I understand such moral numbness. In
Vietnam, children would run at our positions with satchel charges
on their backs. You had to shoot. If you didn't
you and your buddies died. It was a sad, pitiable
loss. None of the children had any innocence. War
stripped them of it, as a child molester strips an innocent child
of its sexual innocence or an abusive parent strips a child naked
of self worth. Sometimes I awake in the middle of
the night, sweat beaded on my face, looking into the blank,
emotionless eyes of Vietnamese children as we marched through
their villages.
I see the hate and revenge not-so-hidden in the black pools staring
at me. I see the void of innocence war sucks from the marrow
of "children of the stones" and how it turns them either
into instruments of retaliation or numb zombies waiting for their
face-off with death.
My lesson with war's ugliness has taught
me Terrorism is a matter of teaching. A child need not
be brought up with a steady diet of hate, revenge, fear, intimidation,
retaliation. These are not digestible emotions for children.
They corrupt their virtue before it blossoms, stain their souls, rip
out the roots of adolescence.
Even here in America, with limited threats
of Terrorism, a great number of children are trained to be suicide
bombers. They are told by their parents of oppression,
of how others have abused them, their grandparents, their culture,
their ethnicity. They grow up believing "others are their
enemy," just as the Palestinian or Israeli grows up fearing the
other is bent on their demise.
Equally wrong are those who demean
others before children, who cite another ethnicity as a lesser one,
or not as worthy as, and build walls of separation and hatred between
one's skin color or religious beliefs. There is
little difference between these prejudicial and bigoted Parents of
Terrorism and those in Israel or Palestine who teach their children
to feed on hate, or fear and glorify the destruction of the "enemy."
Terrorism feeds on children through
abuse. Then there are those here in America and other civilized parts
of the world who demean a child by not recognizing his or her feelings.
They shut the child down. They make the child obey like a dog, and
extol the virtues of being "seen not heard."
They offer the child little insight into his or her own feelings and
issues of human values are rarely discussed because such parents are
either too busy, or believe their "inner secrets" are not
the privy of public communication. Children and
parents become strangers--and the cry: "You don't know
who I am," is shouted angrily by the offspring. Their cry
is a bleat of a lamb caught between a hunger to be loved inside but
trapped in the emptiness of no real communication.
I was glad my grandson told me I was too
big and too fat. I am. I need to lose twenty, maybe
thirty pounds.
But, what I need to lose most of all is to
lose the "fat" of any attitude of Complacency which might
interfere with my daily struggle to promote Vigilance.

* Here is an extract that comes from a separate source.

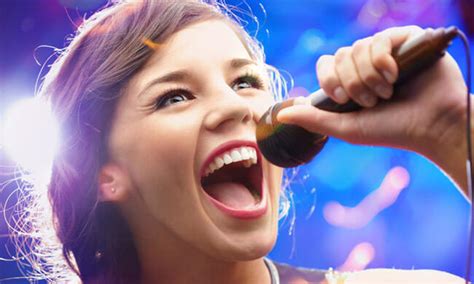 How To Become A Better Singer Motivational Tips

I need
to remember that the battle for Vigilance begins with the vow a Parent
of Vigilance takes-- in my case, it's a Grandparent of Vigilance Pledge.
I need to remember the Pledge of Vigilance is about eliminating, not
propagating, a child's Fear, Intimidation and Complacency, and replacing
these Terroristic child-rearing deceptions with Courage, Conviction
and Action.
It means that a child should not be brought
up on with so he or she seeks revenge to assuage the shame of his
or her parents or heritage or bigotry or prejudice--but rather should
be given the necessary tools to find the Courage to fight the shame
and anger of the past, to forage a new world rather than repair an
old one--to have the right to deny his parents' bigotry and prejudice
without reprisal.
Vigilance more than Terrorism will cause
this evolution of a child to have the right to choose to live in the
shadow of Terrorism or the sunlight of Vigilance.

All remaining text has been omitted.